All the shouting, mugging and arm waving tip some characters over the fine line into caricature, of which Nicholas Jones as Rattenbury's legal counsel, O'Connor, is particularly guilty, m'lud. This is a role which requires gravitas, that almost indefinable quality of knowing seriousness which finer actors like Leo McKern or, back in this mists of time, Charles Laughton would have delivered in spades. Jones plays the role as an avuncular, red-faced type (and is particularly guilty of windmill impressions), when the role would benefit immensely from being stiller and more dangerously focussed, throwing his jolly out-of-court persona into shaper relief. Lucy Robinson as Stella is hampered by her sterotypical character and dialogue, and makes it all a bit too fruity-Tunbridge-Wells. Tristram Wymark, understuding the role of the Judge, lacked the stage experience to position himself fully in the spotlight during the court scenes, so we were faced with an apparently headless Judge ironically poised to deliver the death sentence.
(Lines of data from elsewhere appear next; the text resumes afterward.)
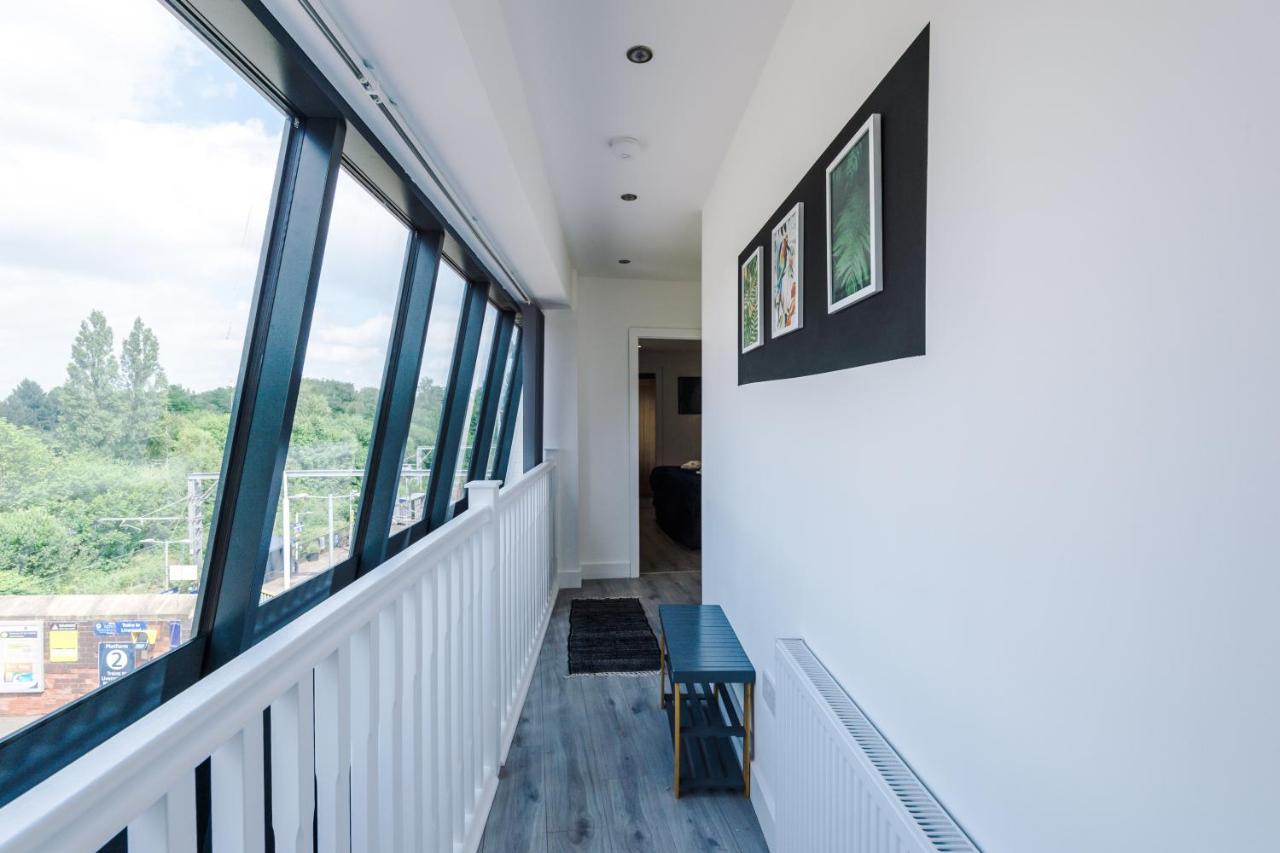 Rest & Recharge At The Station Apartments แมนเชสเตอร์ ภายนอก รูปภาพ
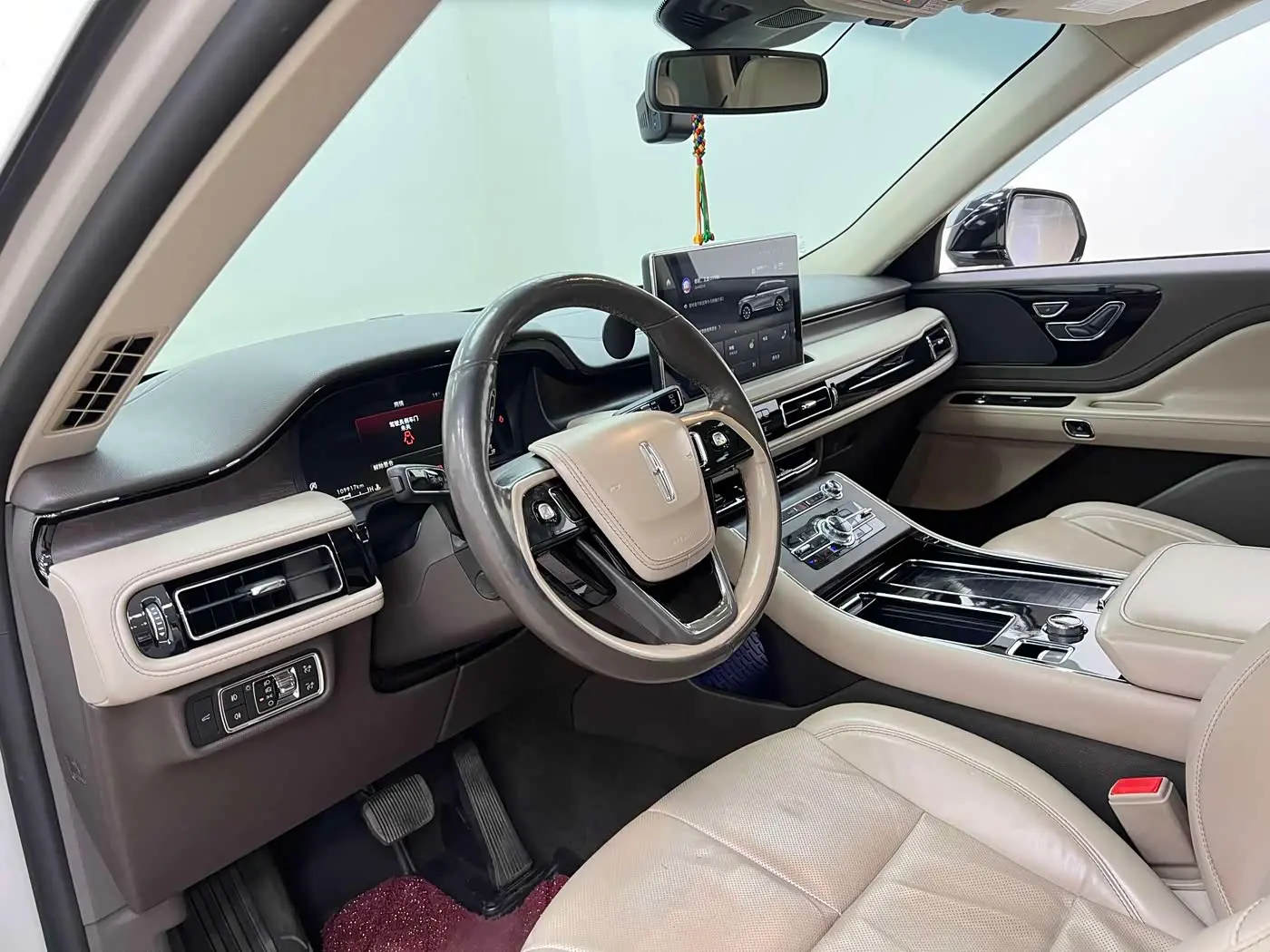 Lincoln Aviator 2021 — Şəkil 15/20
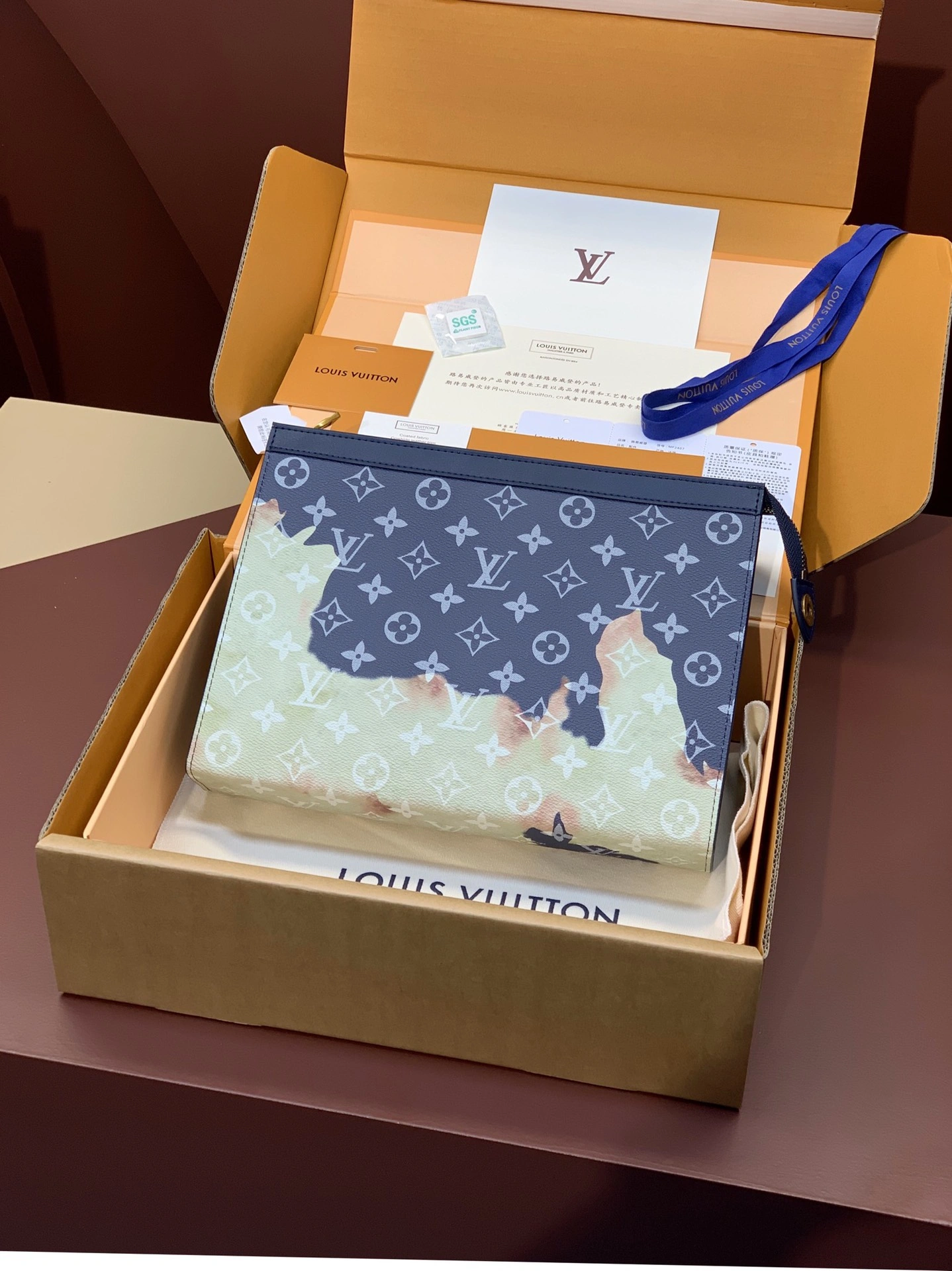 Louis Vuitton Clutch Bags Sustainable 56400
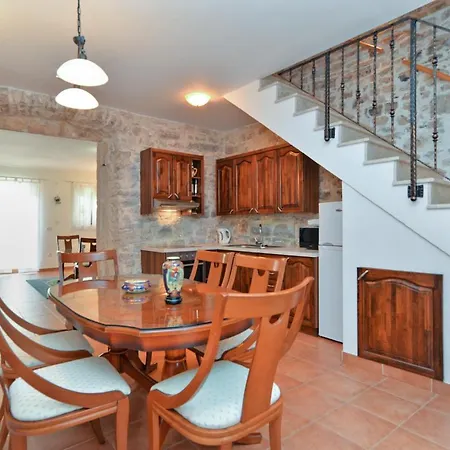 House Marko 1240 בית נופש Rojnići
Anne-Marie Duff rather overdoes the Vamp in her earlier scenes in an attempt to project the character over the footlights, but does the histrionics and court scenes brilliantly, while Niamh Cusack seems to be channelling Celia Johnson in Brief Encounter. Absolutely everyone is upstaged by Jenny Galloway who turns a tiny, practically invisble part into Mrs Danvers. Galloway seems to be cornering the market in tiny, practically invisible parts - she played a very similar role in After The Dance - and deserves more exposure.
I can't get away from the feeling that a slightly less cheap-looking production, in a more appropriate venue, would have done Cause Celebre rather more favours than it is currently getting at the Old Vic.